Directions for this task ▸ Below are some entries. Transcribe the lines from the one holding "Fortuner gr sport 4x2 tahun 2023" to the one holding "Warm Nordic Fringe", inclusive, but not the pictures among them.

Material for this task ▸
=== Section Start ===

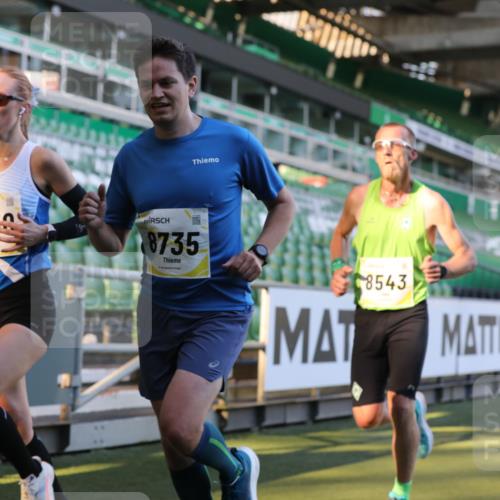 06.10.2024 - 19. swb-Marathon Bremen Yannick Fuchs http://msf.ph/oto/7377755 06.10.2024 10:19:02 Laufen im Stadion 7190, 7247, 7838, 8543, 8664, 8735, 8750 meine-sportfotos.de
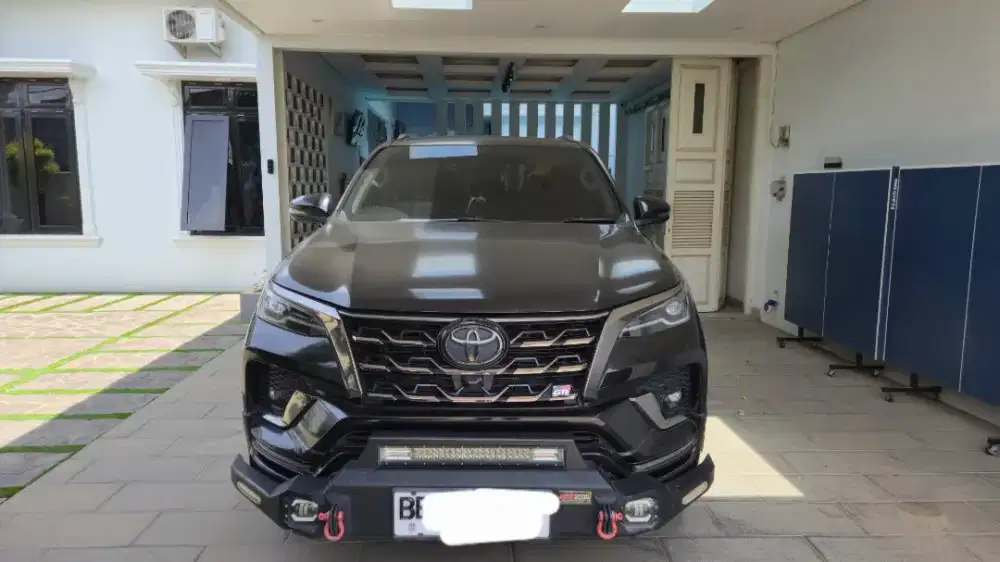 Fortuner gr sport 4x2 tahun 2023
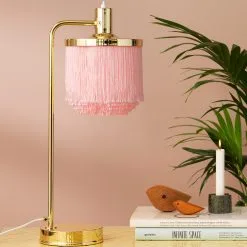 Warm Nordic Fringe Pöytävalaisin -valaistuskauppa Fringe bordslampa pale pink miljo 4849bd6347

=== Section End ===
=== Section Start ===

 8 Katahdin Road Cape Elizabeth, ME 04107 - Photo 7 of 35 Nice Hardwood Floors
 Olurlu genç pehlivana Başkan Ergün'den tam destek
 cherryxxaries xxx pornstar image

=== Section End ===
=== Section Start ===

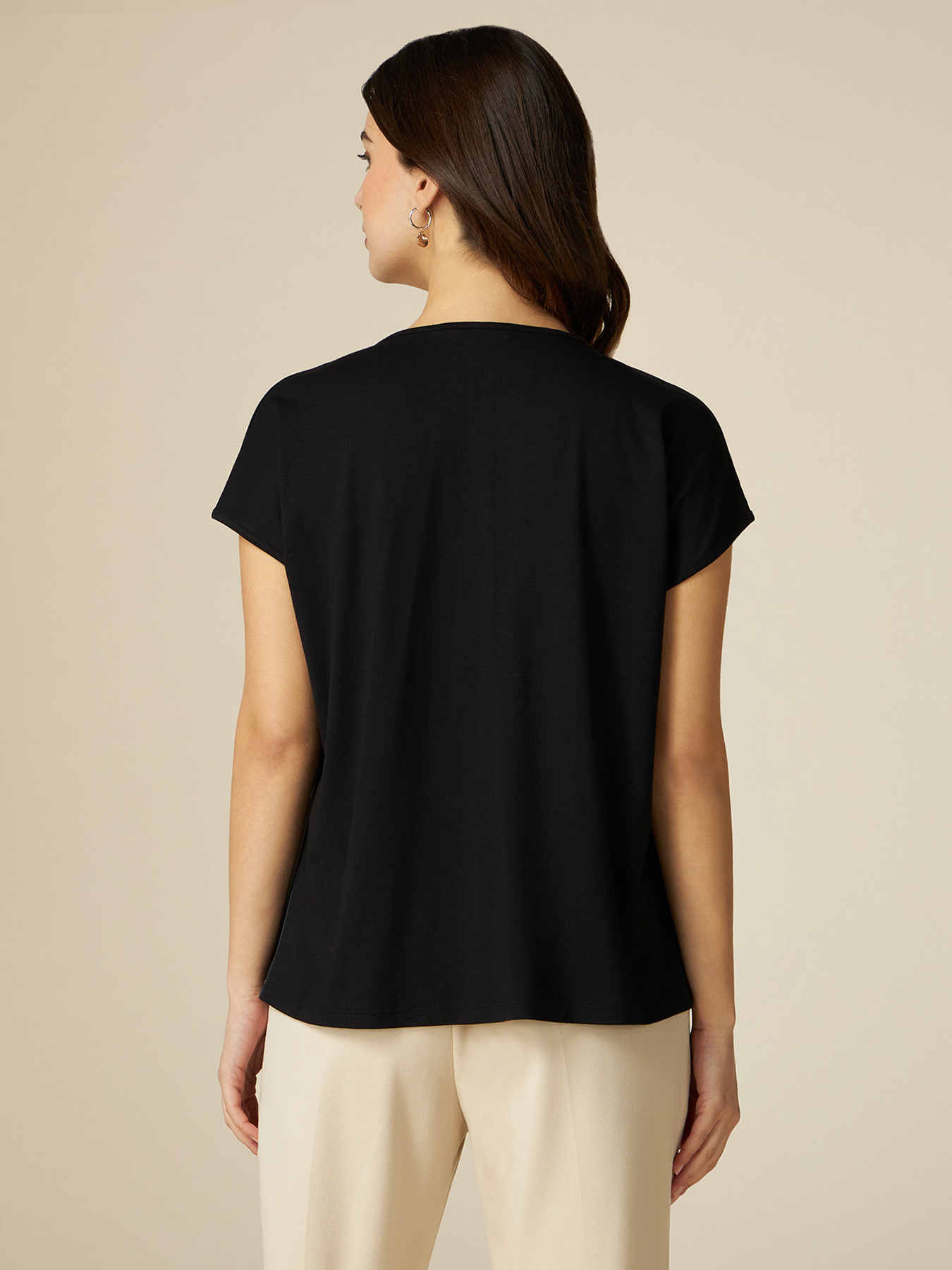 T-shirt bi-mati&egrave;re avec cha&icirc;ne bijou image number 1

=== Section End ===

Task result ▸
 Fortuner gr sport 4x2 tahun 2023
 Warm Nordic Fringe Pöytävalaisin -valaistuskauppa Fringe bordslampa pale pink miljo 4849bd6347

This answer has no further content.